The Air Canada Pension Trust Fund has agreed a £380m buy-in with Pension Insurance Corporation (PIC), covering liabilities for around 1,400 members, 40 per cent of which are yet to start drawing their pension.
As reported by our sister title, Pensions Age, Punter Southall Governance Services (PSGS), the fund’s sole professional corporate trustee, was advised by Aon on the transaction.
PSGS representative, Wayne Phelan, highlighted securing the benefits for their members as a “long-term priority for the trustee for many years”.
“I am delighted we have reached this milestone and would like to thank Aon and PIC for their collaborative and flexible approach in what was a complex and challenging transaction,” he said.

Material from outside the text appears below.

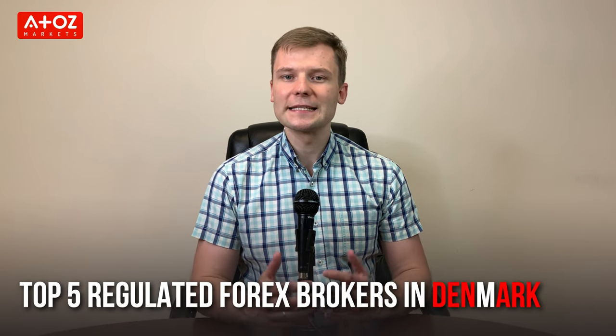Hey! Welcome back, it's Yuri Saffrono aka Professor Forex. I have a PhD degree in finance and I teach hundreds of students every year. In this video I am going to show you my top 5 picks for the best regulated forex brokers in Denmark.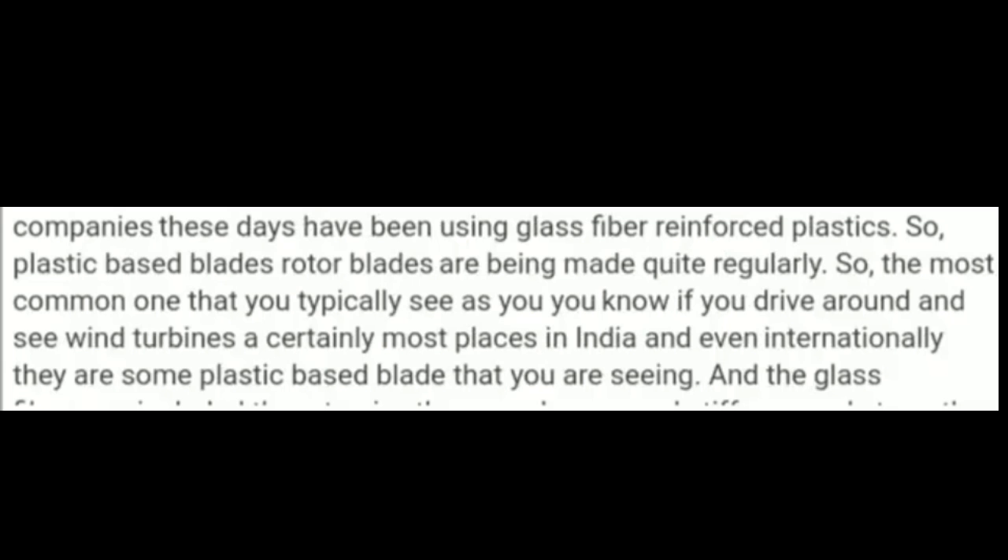The fifth question is: do modern wind mills use blades made of concrete? It is absolutely false. The blades are regularly made of plastic materials — they are not made of concrete, as we can see from the reference.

Adding to this, PIC actuary, Richard Quintian, commented: “PIC is delighted to have worked with the trustee and the sponsoring employer, Air Canada, on this deal.
"The trustee has been able to significantly de-risk this scheme, including for all of its deferred members, providing greater security to them for the long-term and we are happy to have helped them reach this goal.”
Aon senior consultant, Joe Hathaway, added: “This transaction with the fund was contingent on meeting the objectives of both the trustee and company, including the requirement to complete the transaction in 2021 and with no further contributions.
“Through a combination of good preparation and close collaboration with all advisers, we were able to negotiate this transaction with PIC, achieving a really attractive outcome for all parties."